Cenovus Energy Inc. (CVE - Free Report) reported second-quarter 2018 loss per share of 19 cents against the Zacks Consensus Estimate of break-even earnings. In the prior-year quarter, the company had reported profit of 27 cents a share. Escalated transportation and blending expenses and takeaway constraint capacity of the pipeline networks have hurt the bottom line.
Meanwhile, quarterly revenues of $4,671 million surpassed the Zacks Consensus Estimate of $4,252 million and improved from the year-ago quarter’s $3,034 million. The increase in refinery utilizations along with higher oil sands production drove the top line.
Oil Sands: Quarterly revenues at the unit surged to C$3,069 million from C$1,630 million in the second quarter of 2017, courtesy of higher production of oil sands. Cenovus recorded daily oil sand production of 390,000 barrels in the April-to-June quarter of 2018, up 49% year over year.
However, the segment’s operating margin was C$476 million, lower than C$501 million in the year-ago quarter, owing to a surge in transportation and blending expenses.
Deep Basin: Revenues at the business unit jumped to C$225 million from C$116 million. Moreover, the segment’s operating margin came in at C$78 million, up from C$51 million a year ago.
Production from new wells primarily supported the business. However, the transportation constraint capacity of the pipeline networks limited the upside in production.

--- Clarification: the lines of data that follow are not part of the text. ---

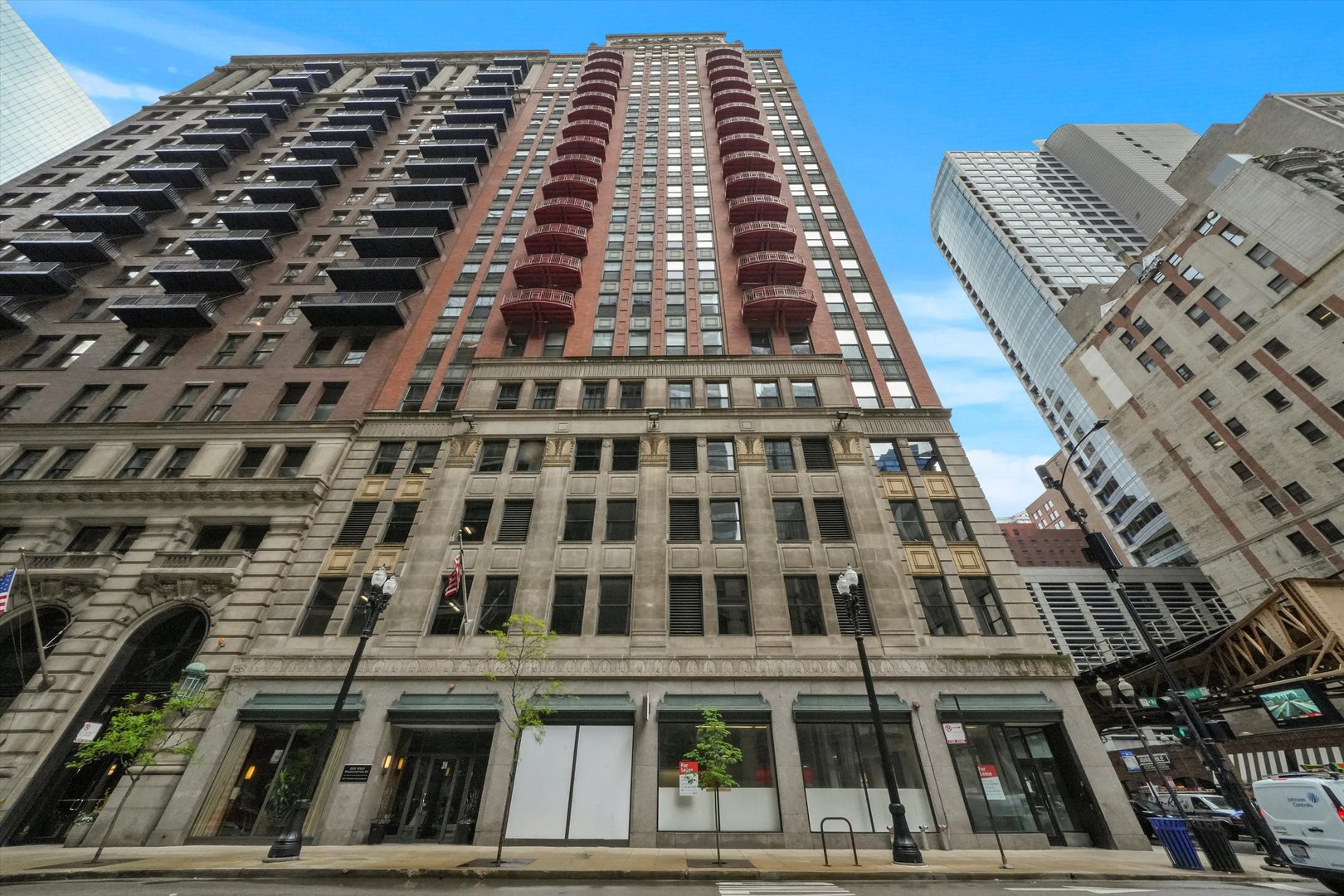 208 W Washington Street Unit: 1911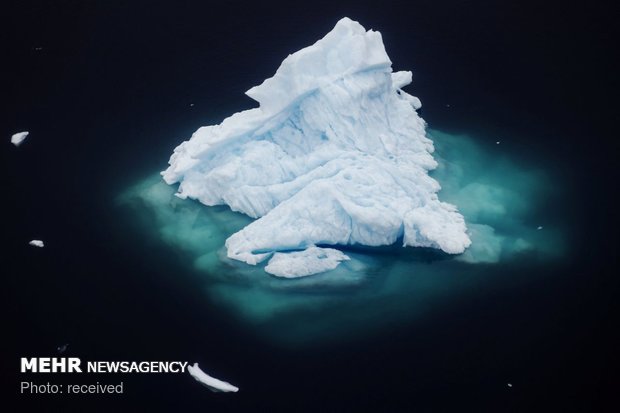 تاثیر گرم شدن زمین بر یخ های قطبی‎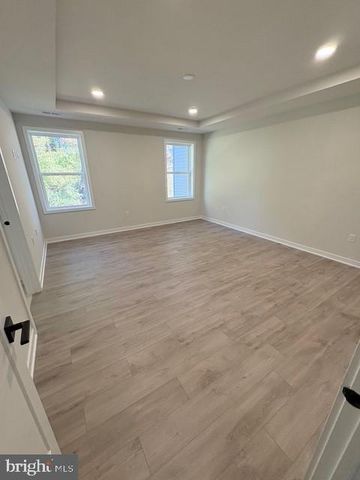 36 GRAYSON LN, Downingtown, PA 19335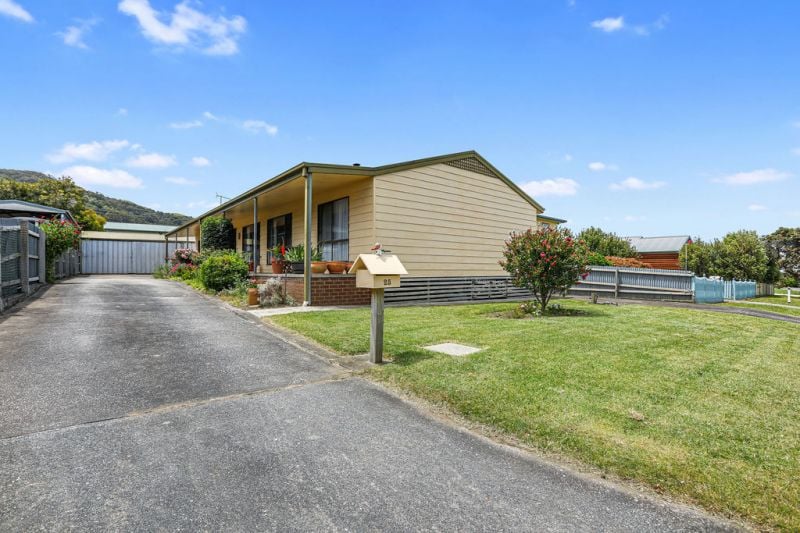 25 Murray Square Apollo Bay VIC, Apollo Bay - Image 1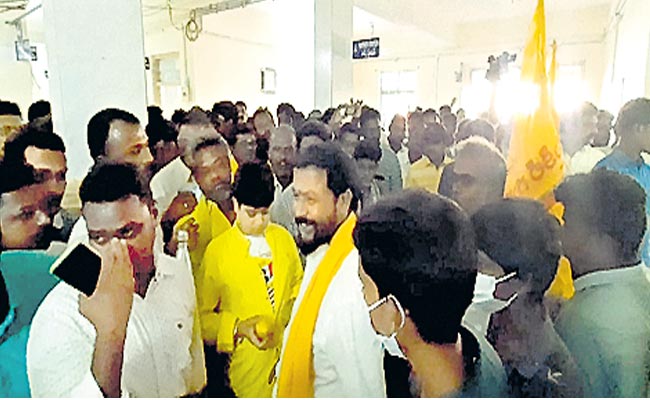 Chintamaneni-Prabhakar-Stra.jpg
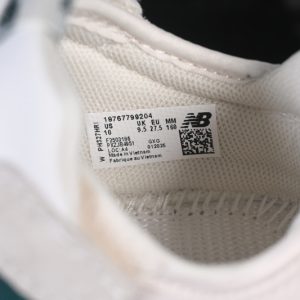 New Balance 230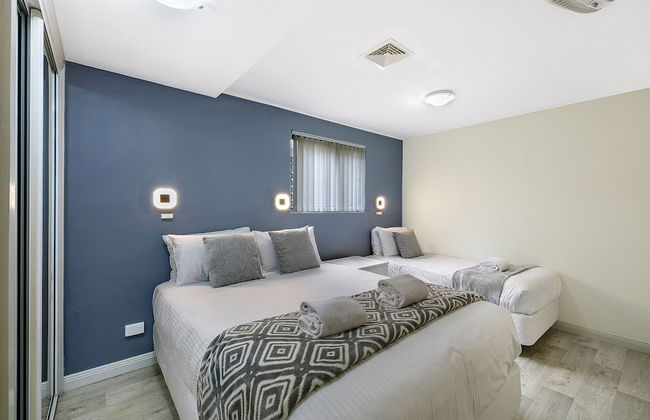 Smugglers on the Beach - Foto 12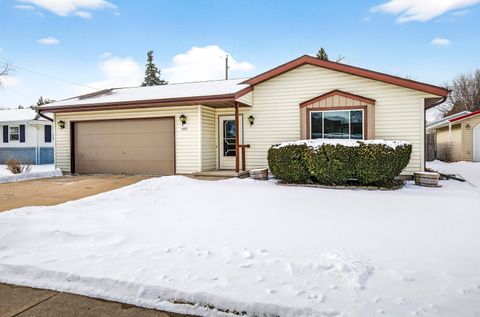 1377 INVERNESS Lane NEENAH WI 54956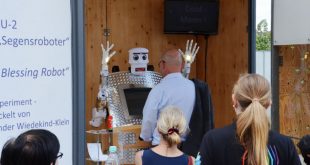 Прихожан немецкой церкви будет благословлять первый в мире робот-священник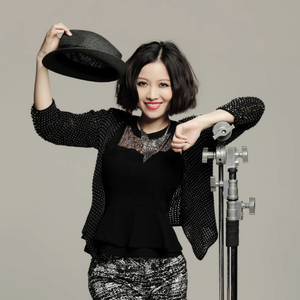 小玲的嫩苞又嫩又紧视频
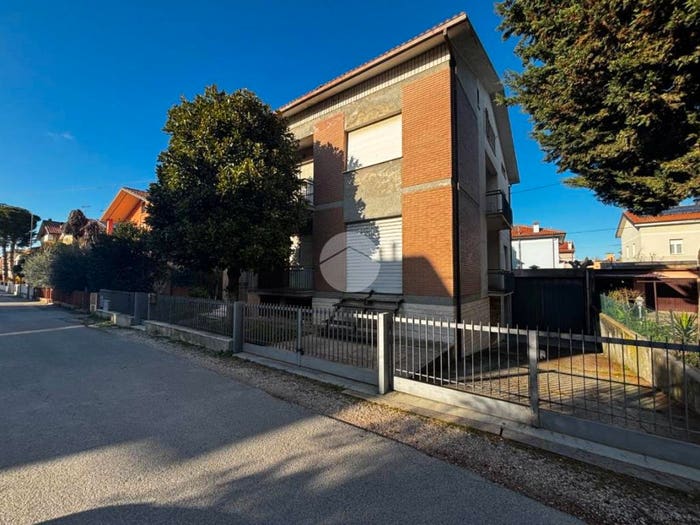 Casa quadrilocale in vendita in Via Brigata Sassari, Fano Flaminio, Fano
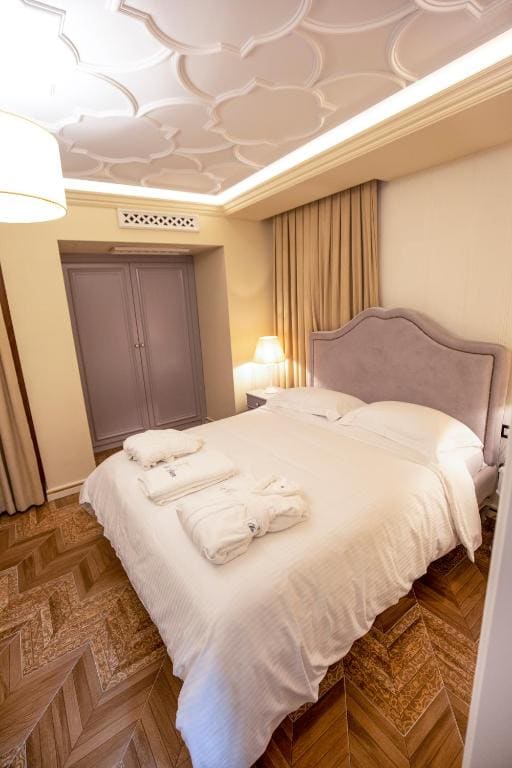 Standard Queen Room room - Image 2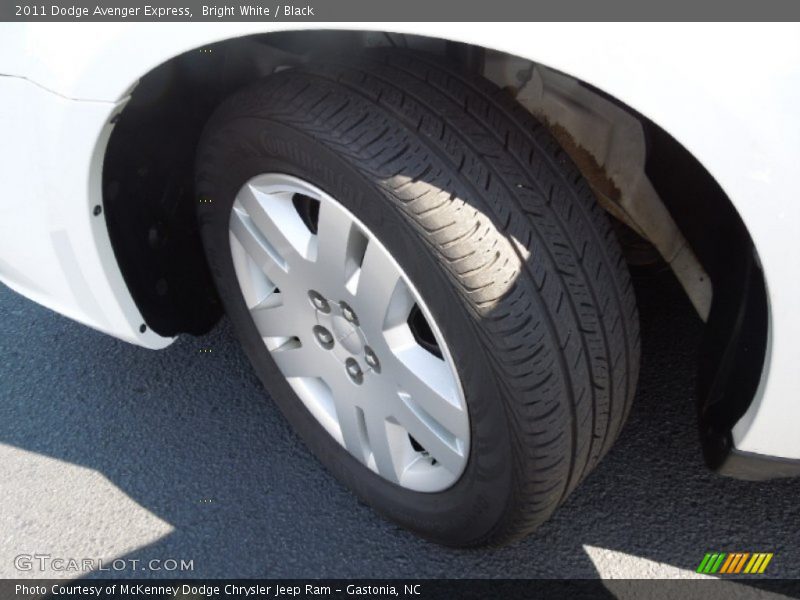 Bright White / Black 2011 Dodge Avenger Express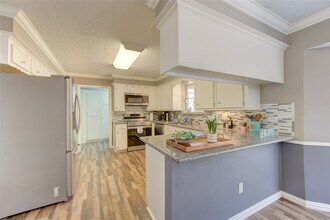 17206 Seven Pines Dr in Spring, TX - Building Photo - Building Photo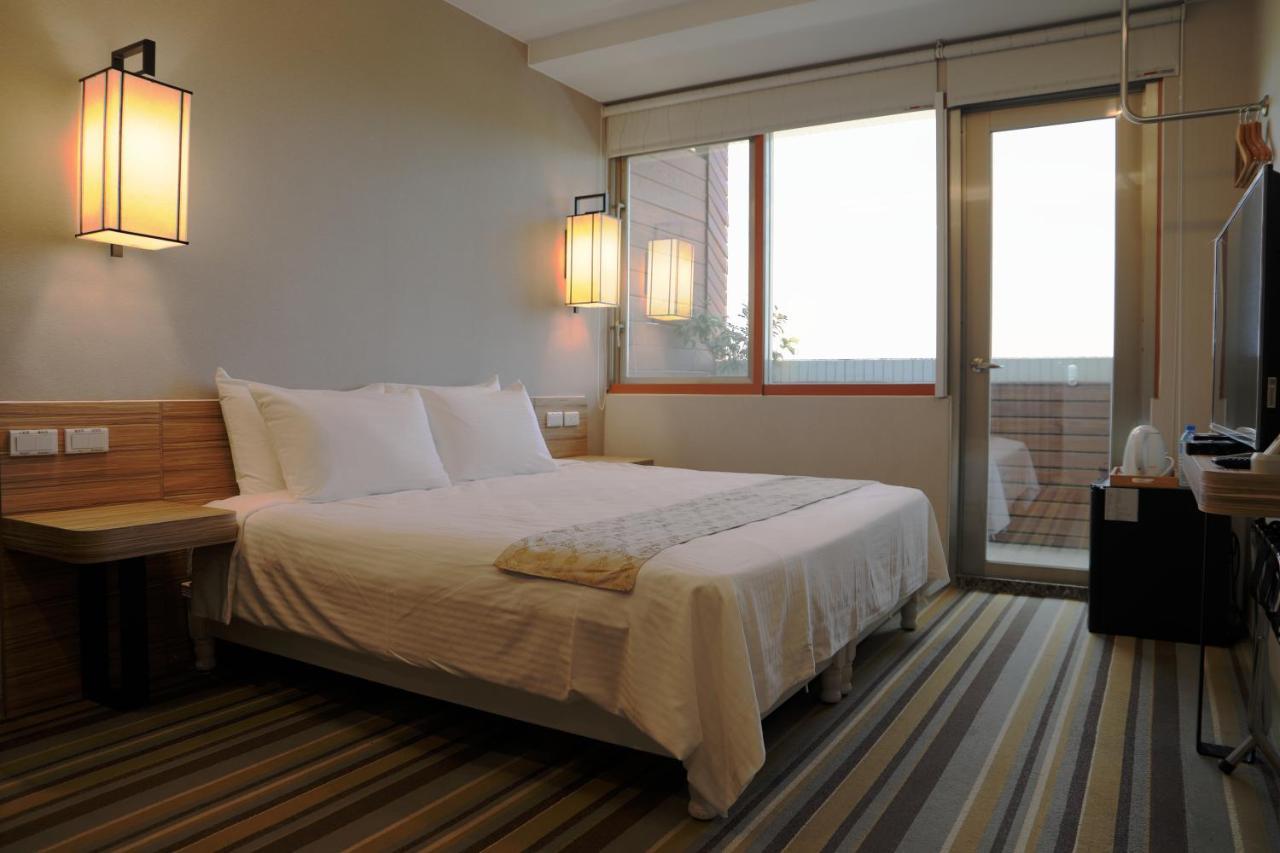Tainan Julie'S Garden 峰情文旅 Hotell Anping Exteriör bild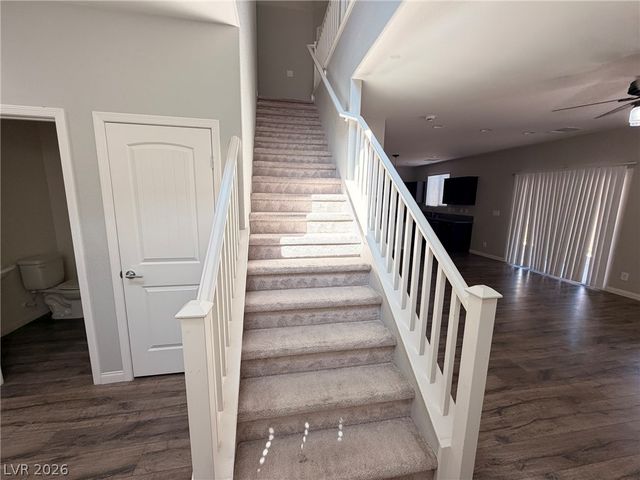 7852 Pyramid Peak Street, Las Vegas, NV 89166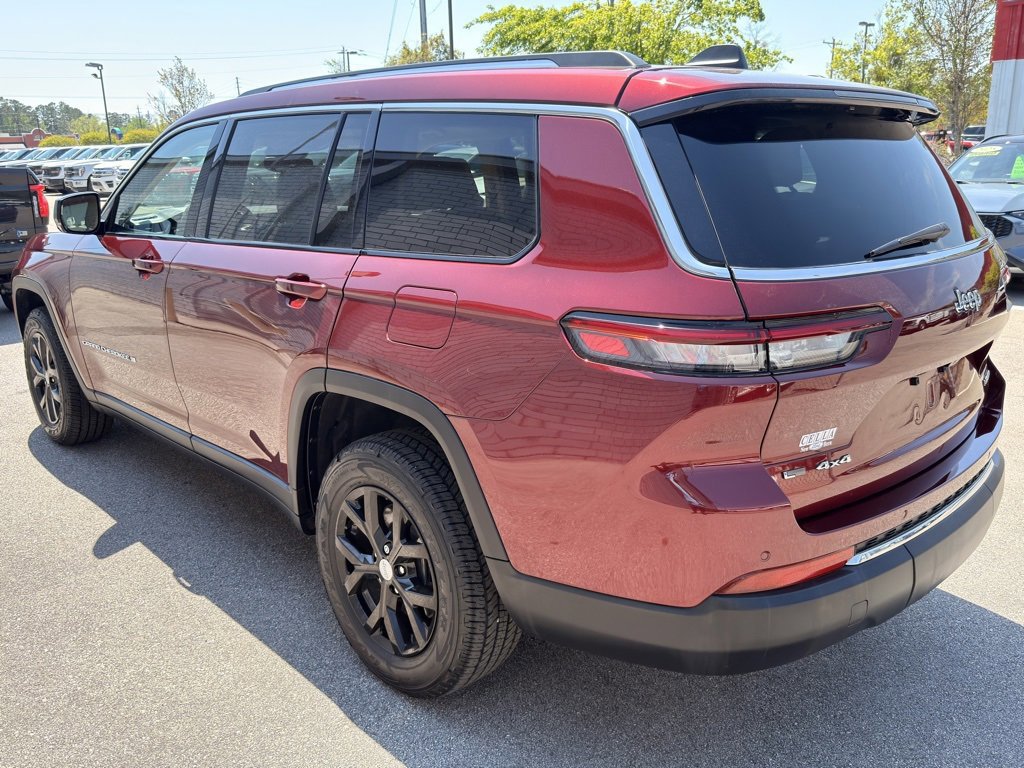 Used 2021 Jeep Grand Cherokee L Limited image 2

Refining and Marketing: Through this segment, the company generated C$2,777 million of revenues, higher than C$2,397 million in the year-ago quarter. Also, the unit’s operating margin skyrocketed from C$20 million to C$357 million.
Increased utilizations along with the year-over-year higher crack spreads resulted in the outperformance.
Transportation and blending expenses in the reported quarter rose to C$1,665 million from C$887 million in the year-ago quarter.
Balance Sheet & Capital Expenditures
As of Jun 30, 2018, the Canadian energy player had cash and cash equivalents of C$376 million and total long-term debt of C$9,992 million. The total debt-to-capitalization ratio was approximately 34.5%. The company incurred capital expenditure of C$294 million in the quarter under review.
Cenovus paid C$122 million to shareholders as dividend over the first six months of 2018, higher than C$102 million a year ago.
Through 2018, the company expects total oil equivalent daily production between 483 MBOE/D and 510 MBOE/D. For the upstream activities, Cenovus is planning to spend C$1,215 million to C$1,350 million.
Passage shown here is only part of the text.